For her second term, Trethewey will expand her venue to the whole of the United States. Her participation in the Taos conference is part of that effort. She plans on visiting places she feels a personal connection to, such as a domestic violence center, an inner-city school, a prison or juvenile detention center, a nursing home, or places that have suffered natural or man-made disasters.
“Prisons, inner-city schools,” Trethewey offers as potential locations. “How poetry helps women tell their stories at domestic violence shelters.” Not necessarily how it contributes to the “healing process,” she has said, but how poetry can help people make sense of their own experiences. The locations she’ll choose are ones that have particular resonance to her own life. When Trethewey was a teenager, her stepfather murdered her mother, and her brother was jailed on drug charges.
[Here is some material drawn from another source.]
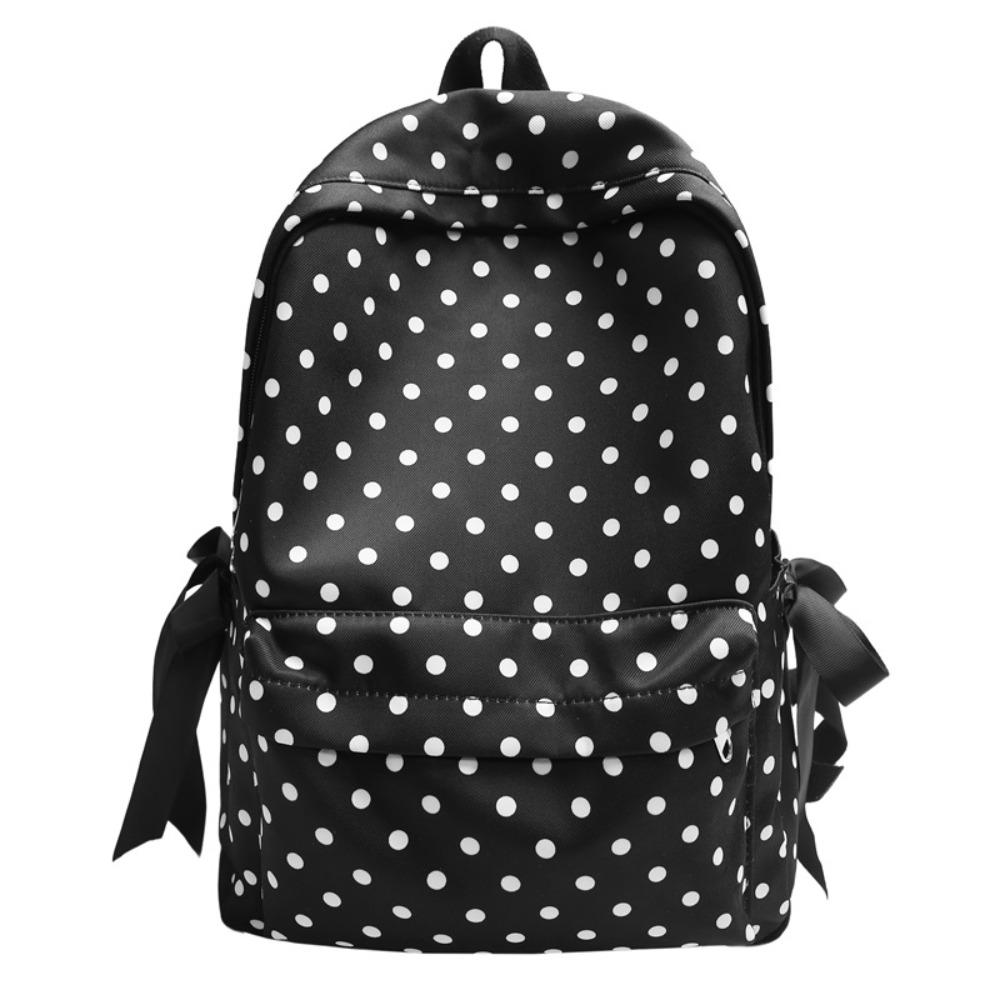 Minimalist Polka Dot Backpack Sweet Student School Bag Y2k Bow Rucksack Daily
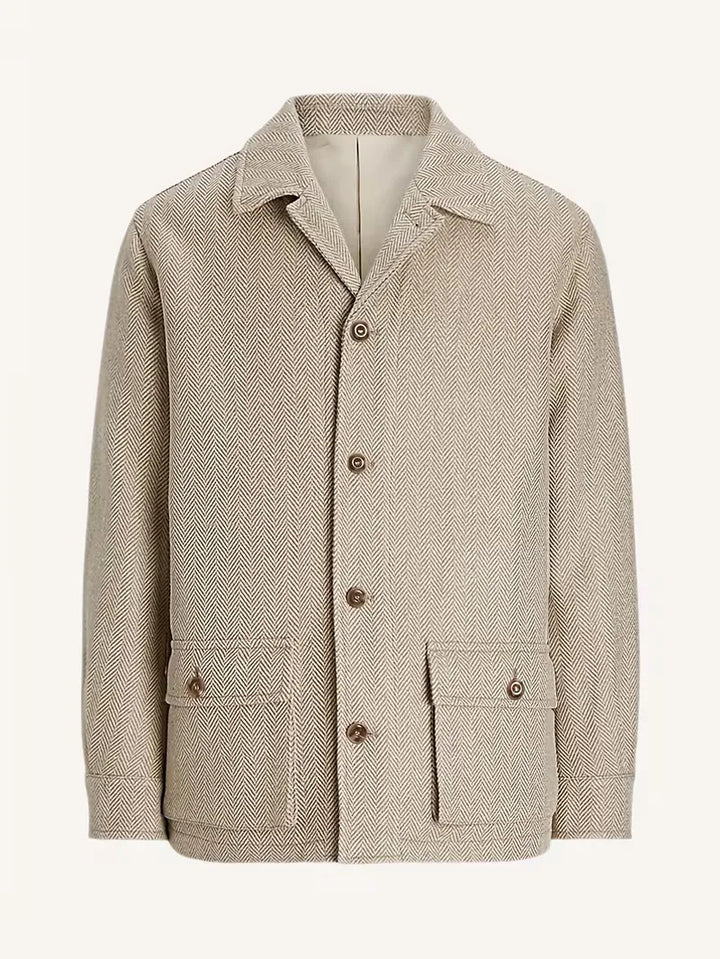 Trenchcoat met herringbone patroon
“I wanted to bear witness,” she has said, “with personal testimony of why poetry can matter.”
Trethewey’s home base for her second term will be back in Atlanta. She’ll move out of the Washington area home she’s been renting in time for the fall semester at Emory University, where she is a professor of English and creative writing.
According to the University of New Mexico’s background information, the Taos conference began in 1999 and has a reputation for feeling less like a conference and more like a family reunion. Its founder Sharon Oard Warner is Professor of English at UNM, a novelist and the head of the university’s creative writing program. Some conference events, including evening readings by instructors and a publishing panel, are open to the general public.
The conference offers five merit-based scholarships, and the D.H. Lawrence Fellowship, awarded each year to an emerging writer with one book in print. The 2013 Scholarship recipients:
D.H. Lawrence Fellow: Matthew Pitt
Hispanic Writer Award: Donna Gutierrez
Native Writer Award: Shauna Osborn
Taos Resident Award: Jan Smith
Leo Love Merit Scholarship in Poetry: Adam Crittenden
Leo Love Merit Scholarship in Prose: Christine Fadden
The conference includes four master classes on the novel for which participants may pay as much as $1,525.00 including reading fees. There are a dozen week-long workshops limited to 12 participants with a fee of $650.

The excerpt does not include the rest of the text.